Los diputados a veces se defienden de esto diciendo que la política no se hace en la tribuna, sino en los pasillos. La palmadita en el hombro y el don de gentes son armas más acordes con la época que la retórica y la dialéctica. El pleno es solamente un acto protocolario, la escenificación de los acuerdos o desacuerdos previos. Cuando llega la hora del debate es que ya no queda nada que debatir. Es lógico que el congresista de a pie se relaje y, no obstante estar encima de un cementerio, duerma como un bendito. Claro que tampoco se trata estrictamente de sueño. Sería más acertado hablar de sopor, sopor fati, una clase de letargo que nada tiene que ver con la docilidad canina, el vivan las caenas o que piensen otros, sino con el puro y nudo aburrimiento.

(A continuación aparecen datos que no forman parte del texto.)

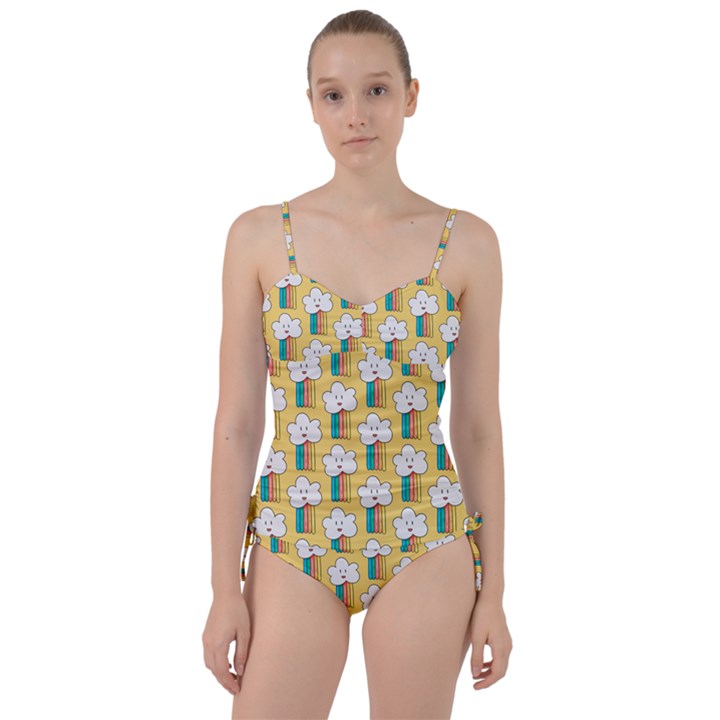 Smile-cloud-rainbow-pattern-yellow Sweetheart Tankini Set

Alguno hay que, a la vista de la modorra parlamentaria, tan poco acorde con la inquietud actual de los ciudadanos, ha propuesto sustituir los leones del Congreso por figuras del dios Bes, a quien los egipcios invocaban contra el insomnio. Yo sugiero otra posibilidad: reemplazarlos por las efigies de los secretarios generales de los sindicatos.. Conservaríamos así la tradición leonina –los sindicalistas también rugen, aunque son tan inofensivos como cualquier animal que antes de pisar la arena se ha comido una vaca de almuerzo- y mantendríamos la vieja costumbre de colocar en el pórtico de los recintos sagrados estatuas de criaturas fabulosas, capaces de amedrentar con su sola leyenda. Lo que sea, antes de perturbar el sueño dogmático de sus señorías.